Matt Atkins / Adam Kinsey
LOWERCASE
UK Minimal Resource Manipulation MRM033 CD-r / DL (2019)
Obtained from Matt Atkins in person at a concert at Hundred Years Gallery in Shoreditch earlier this year where Atkins performed in a trio with Brigitte Hart and John Macedo. Minimal Resource Manipulation is Atkins own imprint and is named succinctly after the situation most non-mainstream musicians find themselves in these days. LOWERCASE is an ironic title given that most of the gathered material here is fairly maximal in nature and a far cry from the early 2000’s New London Silence, Berlin Reductionism and indeed lower case music championed by London’s Sound 323 record shop and others. Perhaps this is simply a reference to a scene that Atkins and Kinsey love. But here, the duo break down the ideas and techniques associated with so-called lower case music and reassemble them in relatively dynamic and “in-your-face” ways.
There are two pieces on the disc; “Part One” feature grubby tape record heads and broken twigs while small motors molest crockery. A vaguely gothic synth-drone loops for a while, the musicians shuffling about, rubbing various utensils against multiple surfaces. Then, close mic’ed patterings emerge before someone begins turning the platter of a record deck backwards by hand so that the lp lurches drunkenly through the frequency spectrum. “Part Two” plays around with the ticking of insects, transducer hums, filter sweeps, a stylus sticking in a run out groove. Later, reverbed IRCAM homages swoop about like pitchshifted bamboo chimes or gaseous tubes vibrating.

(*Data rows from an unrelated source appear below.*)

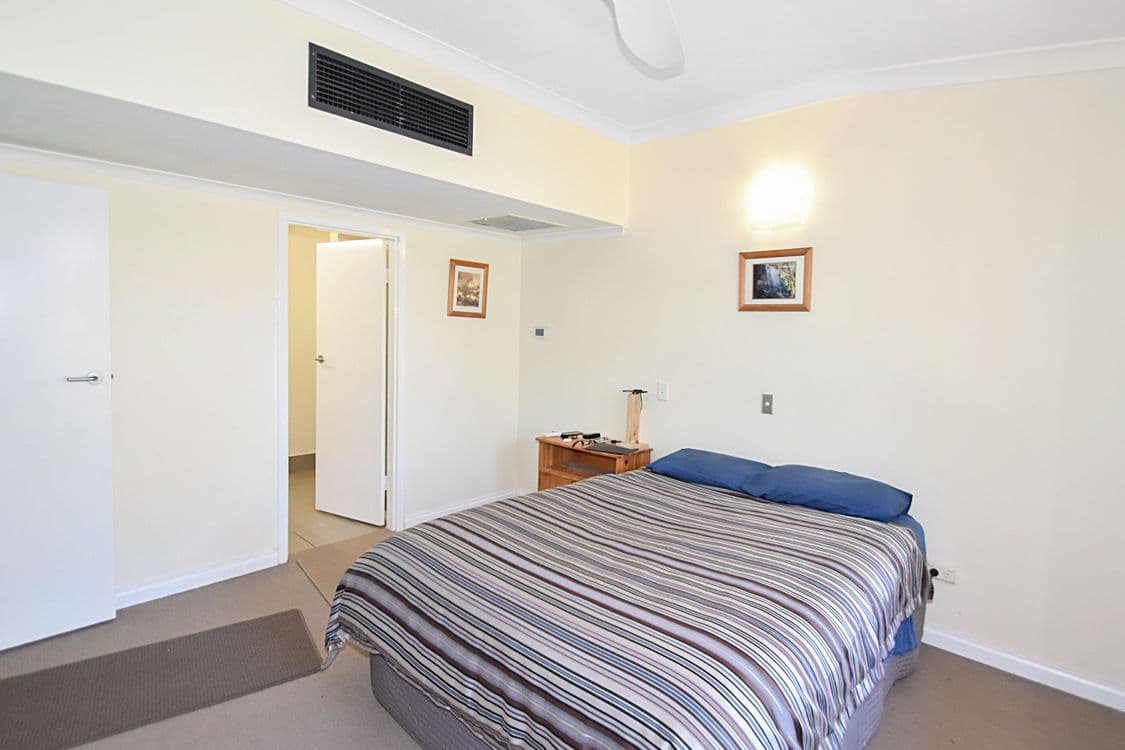 39 Standley Crescent, GILLEN, NT 0870, Gillen - Thumbnail 5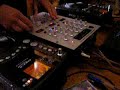 peeeople hold uppp with alan master t to give looove with tristan garner!!!shiiiiiiit...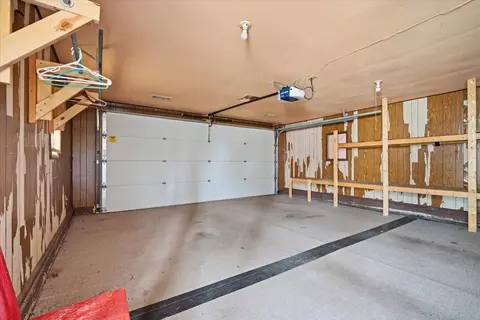 Other - 429 W Owsley St, Chenoa, IL 61726 photo 7 of 10
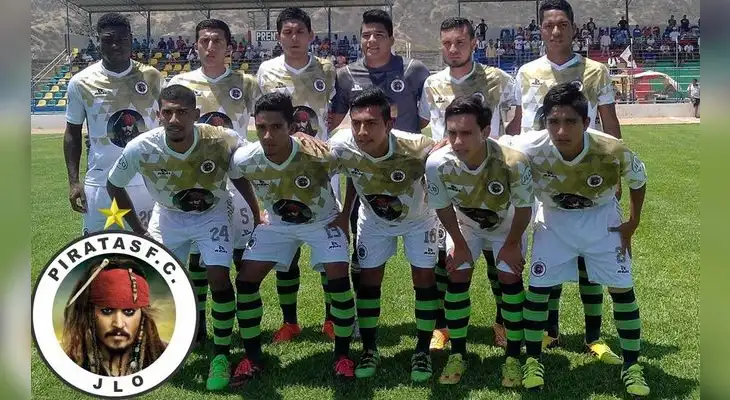 Consiguió Molinos El Pirata llegar a la final tras ganar 5-1 a Credicoop San Cristóbal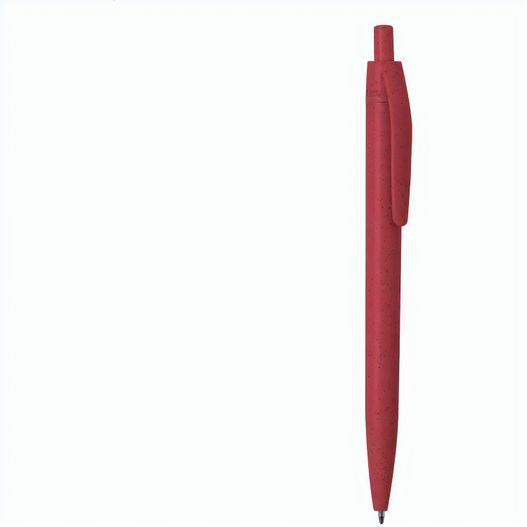 Kugelschreiber Weopard (Bild 1)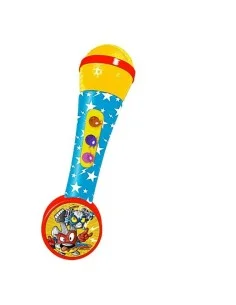 Juguete Interactivo Fisher Price DJ DANCER (FR) | Tienda24 Tienda24.eu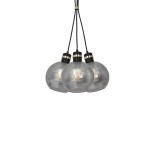 lampa omega-2.jpg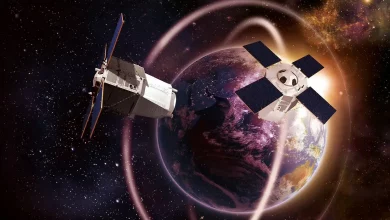 Photo of Poland to Launch First Military Satellites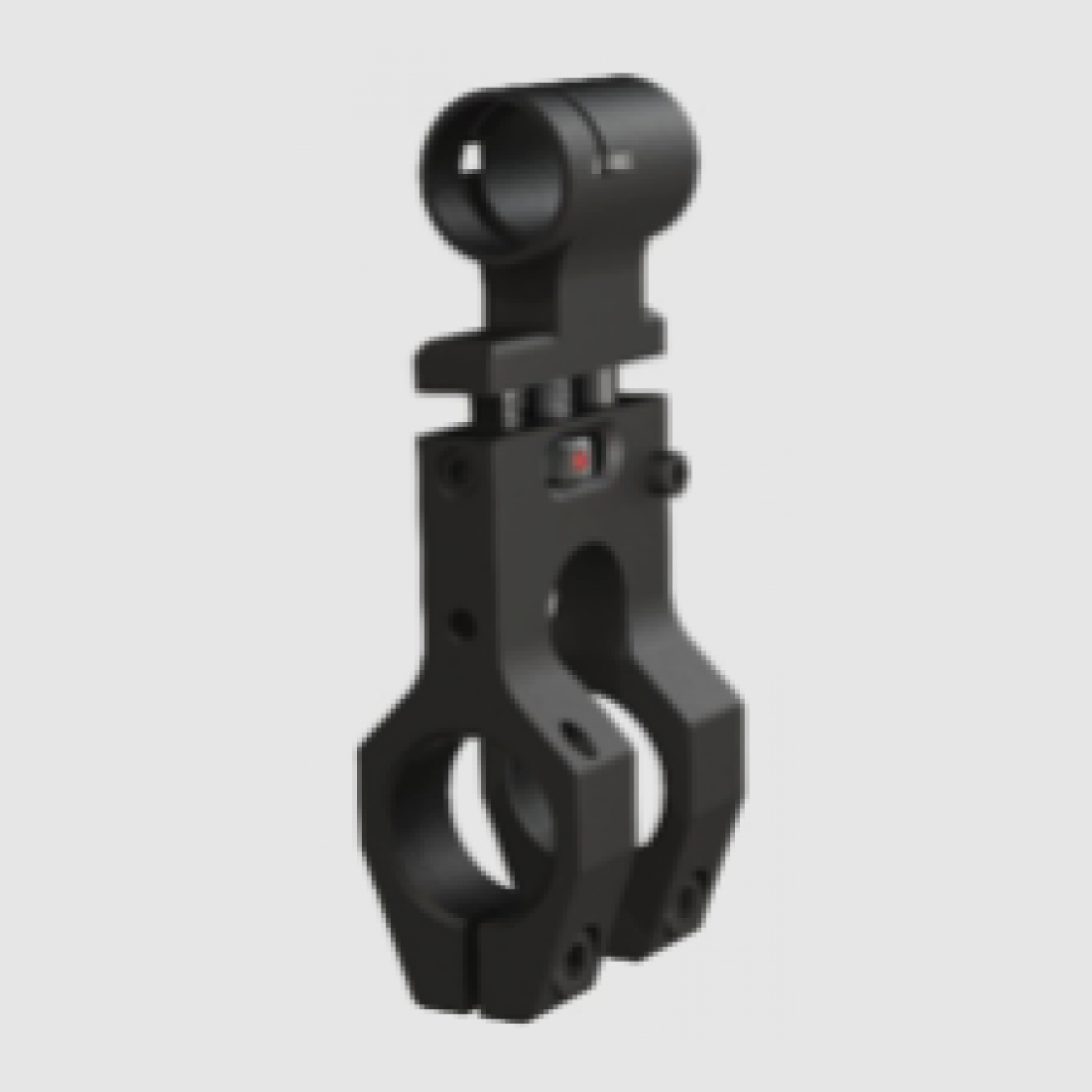 Support de visée W57 Sport Extra M 18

It transpires that these are two live improvisations made utilising laptop and modular synth, the recordings mastered by Phil Julian. Expert sound-making - which I very much enjoy listening to - of a stripe that many musicians are dabbling with these days. But it seems to me that the real challenge is to make something bigger than the sum with these components. I include myself in that. LOWERCASE is a great example of these two musicians’ work. I’ll be keeping an eye on their future output.